▸ EXERCISE REQUIREMENTS:
Please return each of the entries exactly, minus their pictures.

▸ EXCERPTED DATA:
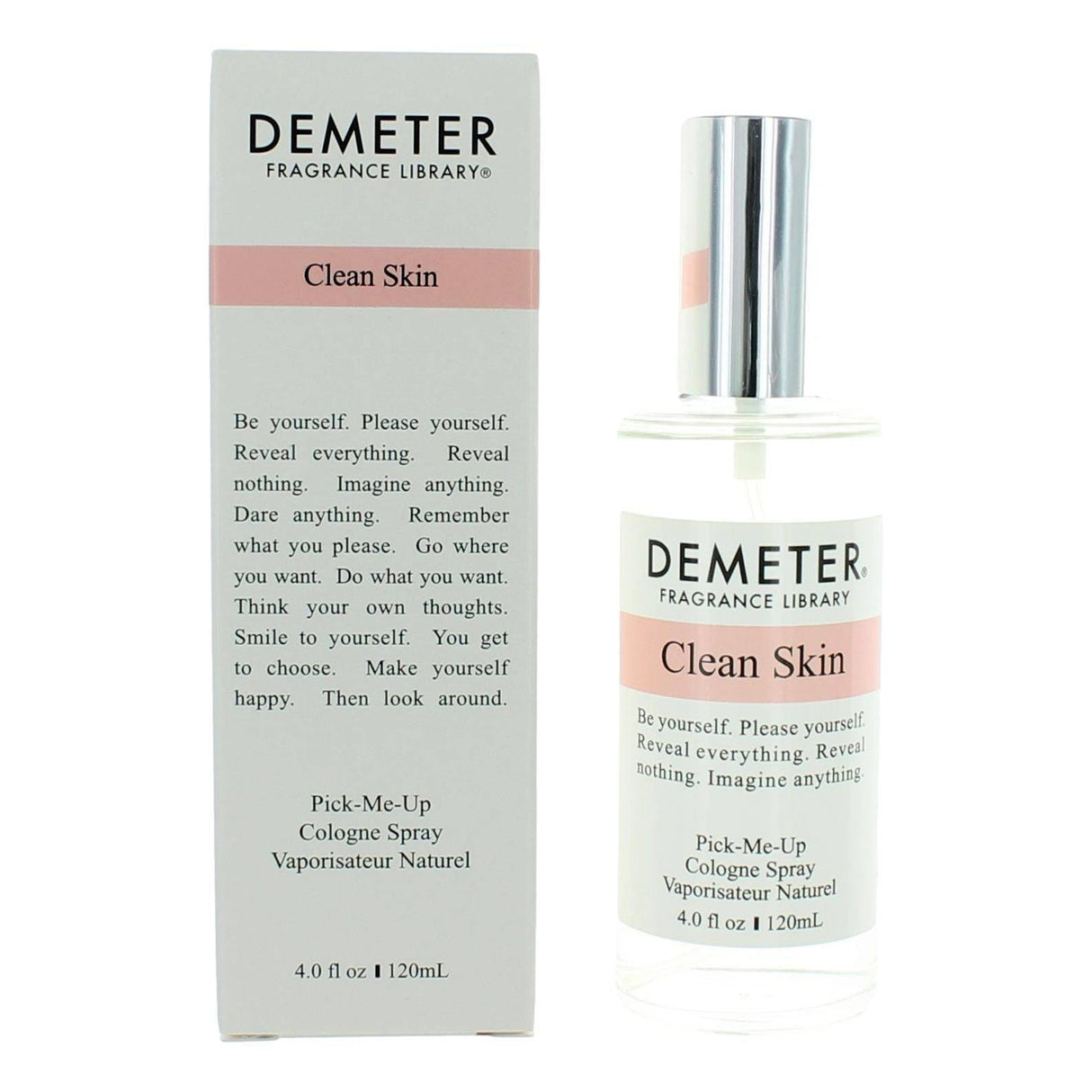 Clean Skin by Demeter, 4 oz Pick-Me-Up Cologne Spray for Women - OleBella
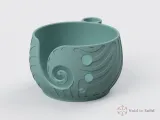 Yarn Bowl with Holder | Wave Pattern-5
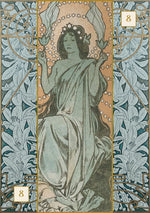 Carica l&#39;immagine nel visualizzatore di Gallery, Alfons Maria Mucha Oracle Cards

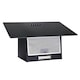 image 5 of SIA AH60BL 60cm Black Angled Glass Chimney Cooker Hood Kitchen Extractor Fan With 3 Speeds & LED Lights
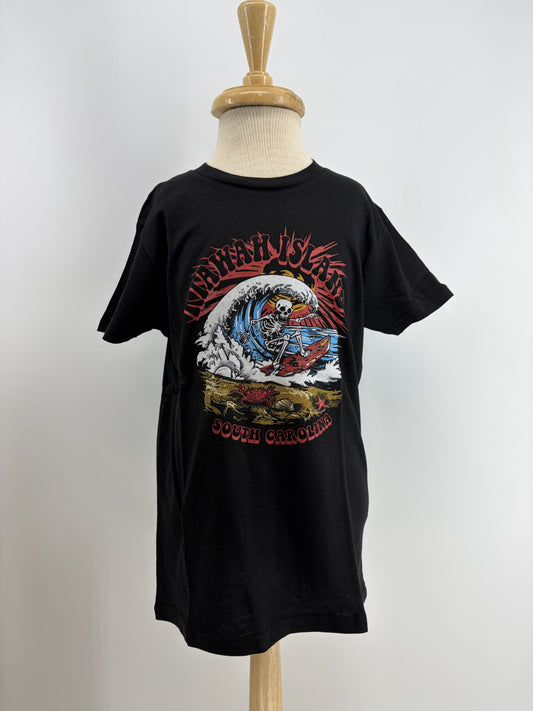 KI Yth Tee - Breaking Bad Surf Skeleton - Black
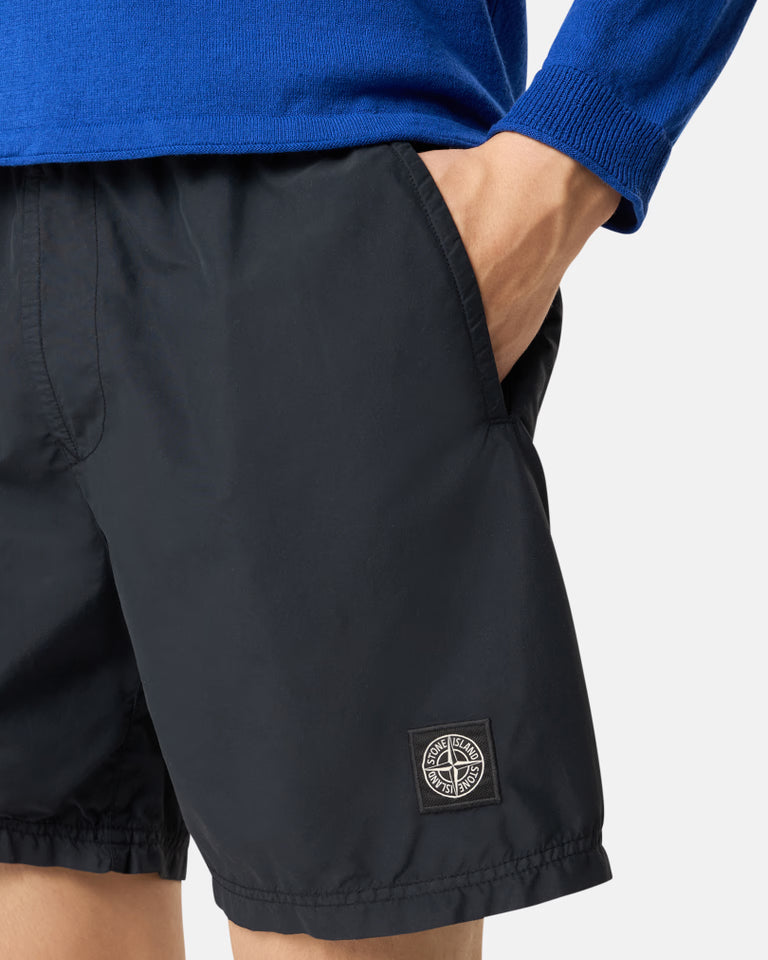 Regular-fit mid-length swim trunks with pockets - BoUvy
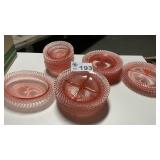 PINK DEPRESSION DISHES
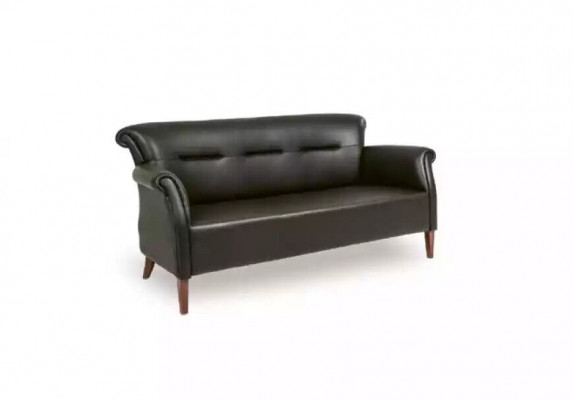 Moderne Canapés de bureau 3 places noirs pour la salle d'étude. Set de meubles de bureau.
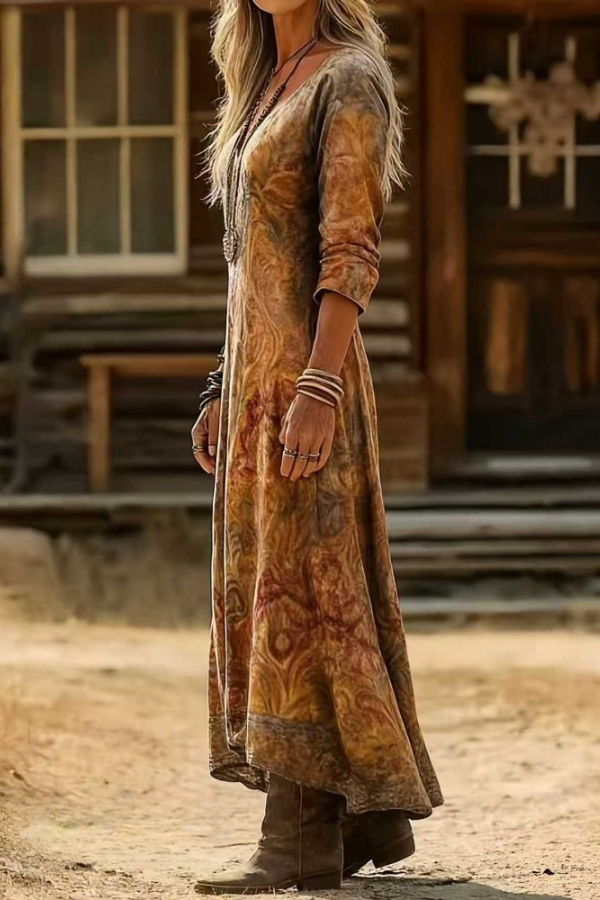 Arabella – Vintage Bohemian Autumn Dress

▸ RESPONSE BOX:
 Clean Skin by Demeter, 4 oz Pick-Me-Up Cologne Spray for Women - OleBella
 Yarn Bowl with Holder | Wave Pattern-5
 Carica l&#39;immagine nel visualizzatore di Gallery, Alfons Maria Mucha Oracle Cards

 image 5 of SIA AH60BL 60cm Black Angled Glass Chimney Cooker Hood Kitchen Extractor Fan With 3 Speeds & LED Lights
 KI Yth Tee - Breaking Bad Surf Skeleton - Black
 Regular-fit mid-length swim trunks with pockets - BoUvy
 PINK DEPRESSION DISHES
 Moderne Canapés de bureau 3 places noirs pour la salle d'étude. Set de meubles de bureau.
 Arabella – Vintage Bohemian Autumn Dress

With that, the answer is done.